Whipple Disease: Difference between revisions

Whipple’s disease is a rare, chronic, systemic infectious disorder caused by a gram-positive intracellular bacterium, Tropheryma whipplei (TW).[1][2]The disorder can affect any system in the body but most commonly with prominent intestinal manifestations.[3] The patient exhibits the classically described signs of malabsorption caused by gastrointestinal colonization. However, it can exhibit clinically overlapping signs and symptoms with rheumatic diseases, potentially leading to misdiagnosis.[4]

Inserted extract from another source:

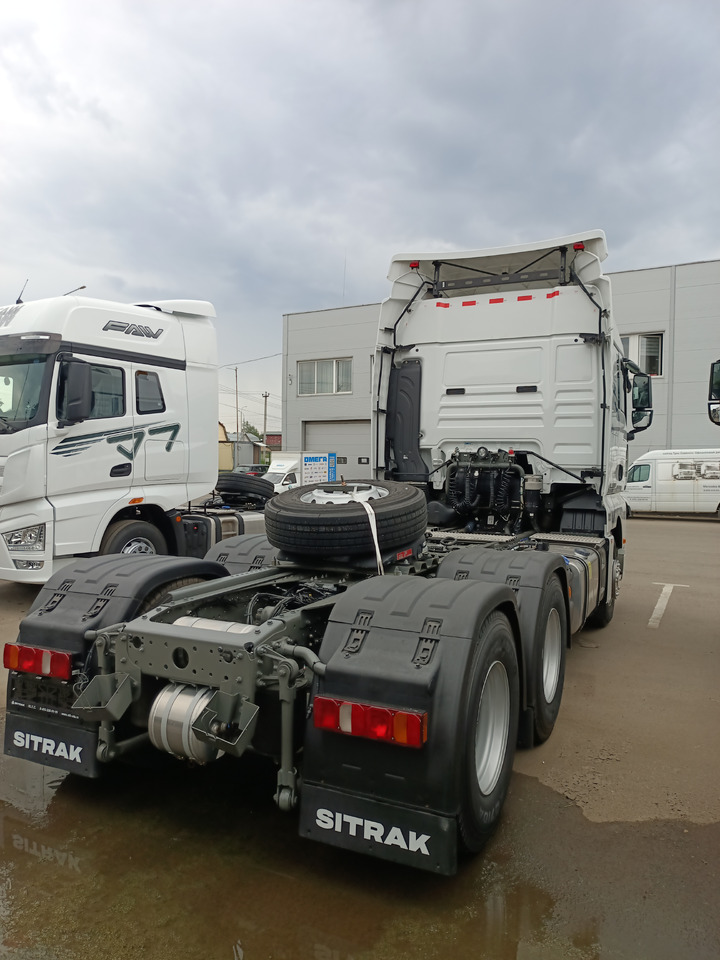 SITRAK C7H ADR - Тягач: фото 4 SITRAK C7H ADR - Тягач: фото 4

The epidemiology of WD is still unknown. It is a rare disease, with the majority of reports coming from North America and Europe.[5]So far, only about 1000 cases have been reported in the literature.[6]  Whipple disease affects approximately one to three people out of every million. The disease reportedly primarily affects middle-aged/elderly men (the majority of reported cases are in men over the age of 55), with a 4:1 ratio, due to its association with wastewater workers and farmers (who are predominantly male) and the smoldering disease course, which can take many years to manifest and correctly diagnose.[4]

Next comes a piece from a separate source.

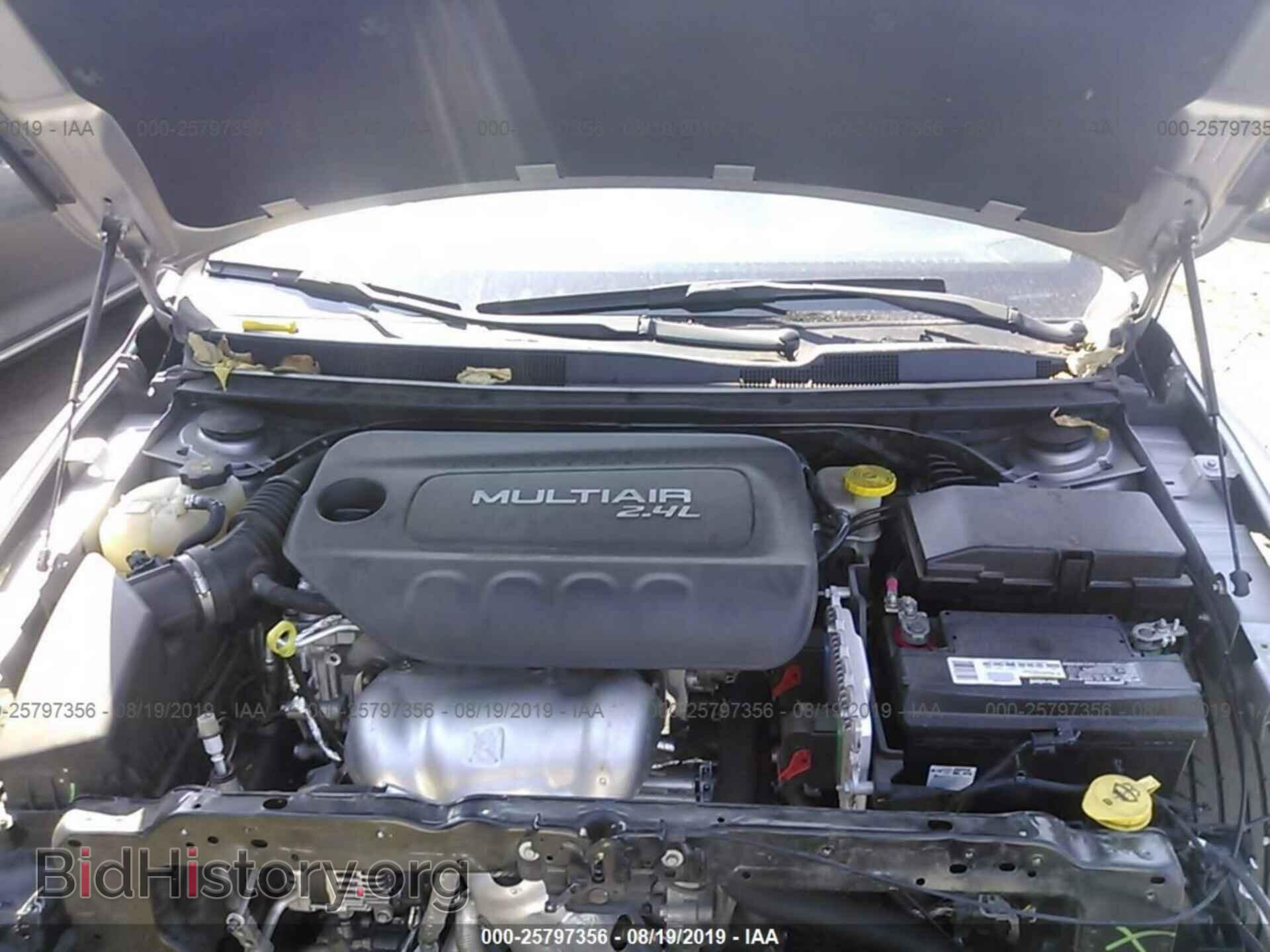 2016 CHRYSLER 200 - VIN: 1C3CCCABXGN154433 - Photo 10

Chronic T whipplei infection appears to occur only in predisposed patients who have a lifetime susceptibility to T whipplei infection; on the one hand, Whipple’s disease is extremely rare and usually develops over many years or even decades (insidious replication), while on the other hand, asymptomatic T whipplei carriage is common.[7] The host’s genetic factors are thought to be a major factor in susceptibility, facilitating the development of familial clusters of cases. [4]HLA associations (HLA alleles DRB1*13 and DQB1*06) that interfere with antigen presentation,39 IL16 gene polymorphisms, and other polymorphisms that polarise cytokine production towards T-helper-2 (Th2)-cell activity are examples of a specific genetic predisposition. This specific genetic predisposition most likely explains the lifetime susceptibility of Whipple’s disease patients as well as the clinically significant relapses in some individuals.[7]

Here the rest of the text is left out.